Typical usage of this library is: construction boolean expression and write it by using method to_circuit or other similar method from an expression object to generate Gate circuit.

This version offers new interface to operate on expressions. This interface in boolvar, intvar and dynintvar modules. New interface offers few simplifications that facility writing complex expressions. New boolvar module provides simpler interface to construct boolean expressions. New intvar module provides simpler interface to construct integer expressions. New dynintvar module provides simpler interface to construct dynamic integer expressions. The routine that creates new expression must be called inside call16, call32 or callsys. That routine can returns formula to generate. The BoolVar allows to operate on boolean expressions, IntVar allows to operate on integer expressions and DynIntVar allows to operate on dynamic integer expressions.
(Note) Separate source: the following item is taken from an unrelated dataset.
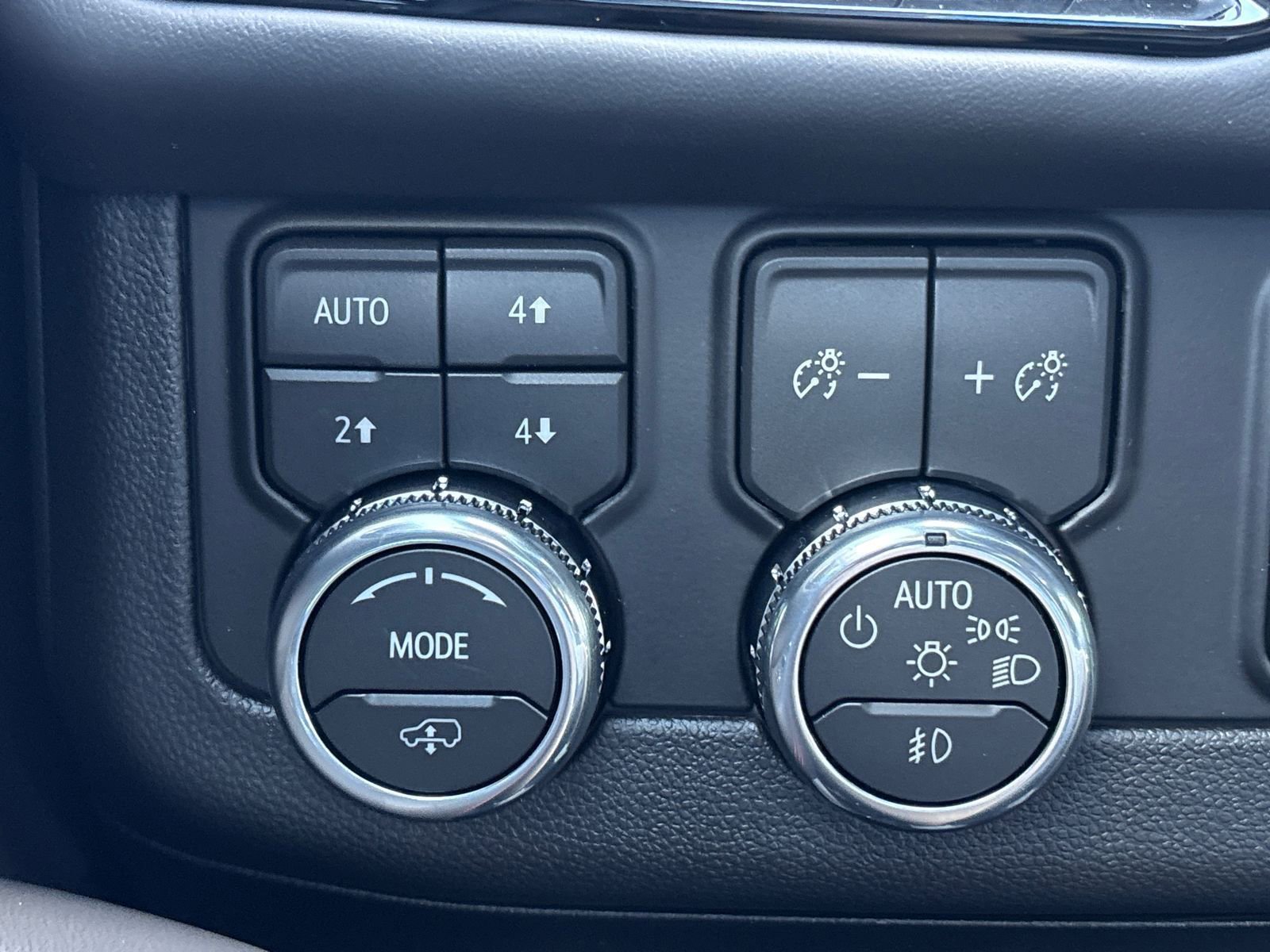 New 2026 GMC Yukon XL AT4 Ultimate w/ LPO, Illumination Package image 19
These types can be used as references and constants be converted into one of that type by using From trait.

This version contains min and max helpers, new an optimized tables and If-Then-Else and and additional subvalues method to dynamic integers.

Sample example in new interface:

use gate_calc_log_bits::*;
use gategen::boolvar::*;
use gategen::dynintvar::*;
use gategen::*;
use gatesim::*;

// program that generates circuit that check whether number 'a' (encoded in cirucit) is
// divisible by input number ('half_x'). Circuit is unsatisifiable if 'a' is prime.
fn main() {
    let a: u128 = 458581; // some number.
    // calculate bits for 'a' number.
    let bits = calc_log_bits_u128(a);
    // use half of bits to calculate bits of square root of number.
    let half_bits = (bits + 1) >> 1;
    // call a generating routine in callsys to.
    let circuit = callsys(|| {
        // x have half of bits of 'a' number.
        let half_x = UDynVarSys::var(half_bits);
        let a = UDynVarSys::from_n(a, bits);
        let x = half_x
            .clone()
            .concat(UDynVarSys::from_n(0u8, bits - half_bits));
        // calculate modulo: a modulo x.
        let (res_mod, cond) = a % &x;
        // formula: modulo must be 0 and x must not be 0 (from cond) and must x != 1.
        let formula = res_mod.equal(0u8) & cond & x.nequal(1u8);
        formula.to_translated_circuit(half_x.iter())
    });
    print!("{}", FmtLiner::new(&circuit, 4, 8));
}

Sample example in older interface:

use gate_calc_log_bits::*;
use gategen::boolexpr::*;
use gategen::dynintexpr::*;
use gategen::*;
use gatesim::*;

// program that generates circuit that check whether number 'a' (encoded in cirucit) is
// divisible by input number ('half_x'). Circuit is unsatisifiable if 'a' is prime.
fn main() {
    let a: u128 = 557681; // some number.
    // calculate bits for 'a' number.
    let bits = calc_log_bits_u128(a);
    // use half of bits to calculate bits of square root of number.
    let half_bits = (bits + 1) >> 1;
    let creator = ExprCreatorSys::new();
    // x have half of bits of 'a' number.
    let half_x = UDynExprNode::variable(creator.clone(), half_bits);
    let a = UDynExprNode::try_constant_n(creator.clone(), bits, a).unwrap();
    let x = half_x
        .clone()
        .concat(UDynExprNode::try_constant_n(creator.clone(), bits - half_bits, 0u8).unwrap());
    // calculate modulo: a modulo x.
    let (res_mod, cond) = a % x.clone();
    // zero and one - constant values.
    let zero = UDynExprNode::try_constant_n(creator.clone(), bits, 0u8).unwrap();
    let one = UDynExprNode::try_constant_n(creator.clone(), bits, 1u8).unwrap();
    // formula: modulo must be 0 and x must not be 0 (from cond) and must x != 1.
    let formula: BoolExprNode<_> = res_mod.equal(zero) & cond & x.clone().nequal(one.clone());
    let circuit = formula.to_translated_circuit(half_x.iter());
    print!("{}", FmtLiner::new(&circuit, 4, 8));
}